** Opening Given records block **
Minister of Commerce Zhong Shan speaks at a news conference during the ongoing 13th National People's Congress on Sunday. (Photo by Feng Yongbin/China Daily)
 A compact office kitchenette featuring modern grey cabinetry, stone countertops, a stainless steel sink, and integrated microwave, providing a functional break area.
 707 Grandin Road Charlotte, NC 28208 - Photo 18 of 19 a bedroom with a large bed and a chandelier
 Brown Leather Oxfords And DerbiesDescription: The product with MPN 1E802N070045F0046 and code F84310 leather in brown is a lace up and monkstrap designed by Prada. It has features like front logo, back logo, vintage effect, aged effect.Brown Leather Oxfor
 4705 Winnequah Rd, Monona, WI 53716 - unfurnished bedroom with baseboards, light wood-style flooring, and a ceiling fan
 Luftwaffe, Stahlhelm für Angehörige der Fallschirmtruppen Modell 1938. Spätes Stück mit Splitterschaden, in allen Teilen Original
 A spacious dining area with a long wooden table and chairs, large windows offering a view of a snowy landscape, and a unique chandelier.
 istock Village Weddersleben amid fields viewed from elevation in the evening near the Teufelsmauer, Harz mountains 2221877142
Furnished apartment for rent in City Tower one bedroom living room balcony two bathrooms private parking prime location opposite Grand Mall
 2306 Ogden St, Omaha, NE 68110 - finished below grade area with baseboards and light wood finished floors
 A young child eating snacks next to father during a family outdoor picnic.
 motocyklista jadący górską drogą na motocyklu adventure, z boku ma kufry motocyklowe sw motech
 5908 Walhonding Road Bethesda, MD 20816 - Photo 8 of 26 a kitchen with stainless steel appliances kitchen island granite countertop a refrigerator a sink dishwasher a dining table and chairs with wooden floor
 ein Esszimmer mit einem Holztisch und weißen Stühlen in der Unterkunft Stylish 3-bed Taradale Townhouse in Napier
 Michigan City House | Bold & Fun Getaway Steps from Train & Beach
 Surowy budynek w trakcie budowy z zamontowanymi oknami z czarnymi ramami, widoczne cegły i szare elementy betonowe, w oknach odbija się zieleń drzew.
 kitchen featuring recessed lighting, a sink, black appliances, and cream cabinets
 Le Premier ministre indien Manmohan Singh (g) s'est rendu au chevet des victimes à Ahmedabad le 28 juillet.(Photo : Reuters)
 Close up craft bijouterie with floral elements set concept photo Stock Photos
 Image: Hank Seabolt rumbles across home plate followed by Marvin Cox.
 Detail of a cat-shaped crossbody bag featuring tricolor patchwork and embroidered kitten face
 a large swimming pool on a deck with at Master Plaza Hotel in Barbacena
** Closing Given records block **
◆ **What to work on**:
Would you reproduce all of the data exactly, without a single alteration?

◆ **Expected answer**:
Minister of Commerce Zhong Shan speaks at a news conference during the ongoing 13th National People's Congress on Sunday. (Photo by Feng Yongbin/China Daily)
 A compact office kitchenette featuring modern grey cabinetry, stone countertops, a stainless steel sink, and integrated microwave, providing a functional break area.
 707 Grandin Road Charlotte, NC 28208 - Photo 18 of 19 a bedroom with a large bed and a chandelier
 Brown Leather Oxfords And DerbiesDescription: The product with MPN 1E802N070045F0046 and code F84310 leather in brown is a lace up and monkstrap designed by Prada. It has features like front logo, back logo, vintage effect, aged effect.Brown Leather Oxfor
 4705 Winnequah Rd, Monona, WI 53716 - unfurnished bedroom with baseboards, light wood-style flooring, and a ceiling fan
 Luftwaffe, Stahlhelm für Angehörige der Fallschirmtruppen Modell 1938. Spätes Stück mit Splitterschaden, in allen Teilen Original
 A spacious dining area with a long wooden table and chairs, large windows offering a view of a snowy landscape, and a unique chandelier.
 istock Village Weddersleben amid fields viewed from elevation in the evening near the Teufelsmauer, Harz mountains 2221877142
Furnished apartment for rent in City Tower one bedroom living room balcony two bathrooms private parking prime location opposite Grand Mall
 2306 Ogden St, Omaha, NE 68110 - finished below grade area with baseboards and light wood finished floors
 A young child eating snacks next to father during a family outdoor picnic.
 motocyklista jadący górską drogą na motocyklu adventure, z boku ma kufry motocyklowe sw motech
 5908 Walhonding Road Bethesda, MD 20816 - Photo 8 of 26 a kitchen with stainless steel appliances kitchen island granite countertop a refrigerator a sink dishwasher a dining table and chairs with wooden floor
 ein Esszimmer mit einem Holztisch und weißen Stühlen in der Unterkunft Stylish 3-bed Taradale Townhouse in Napier
 Michigan City House | Bold & Fun Getaway Steps from Train & Beach
 Surowy budynek w trakcie budowy z zamontowanymi oknami z czarnymi ramami, widoczne cegły i szare elementy betonowe, w oknach odbija się zieleń drzew.
 kitchen featuring recessed lighting, a sink, black appliances, and cream cabinets
 Le Premier ministre indien Manmohan Singh (g) s'est rendu au chevet des victimes à Ahmedabad le 28 juillet.(Photo : Reuters)
 Close up craft bijouterie with floral elements set concept photo Stock Photos
 Image: Hank Seabolt rumbles across home plate followed by Marvin Cox.
 Detail of a cat-shaped crossbody bag featuring tricolor patchwork and embroidered kitten face
 a large swimming pool on a deck with at Master Plaza Hotel in Barbacena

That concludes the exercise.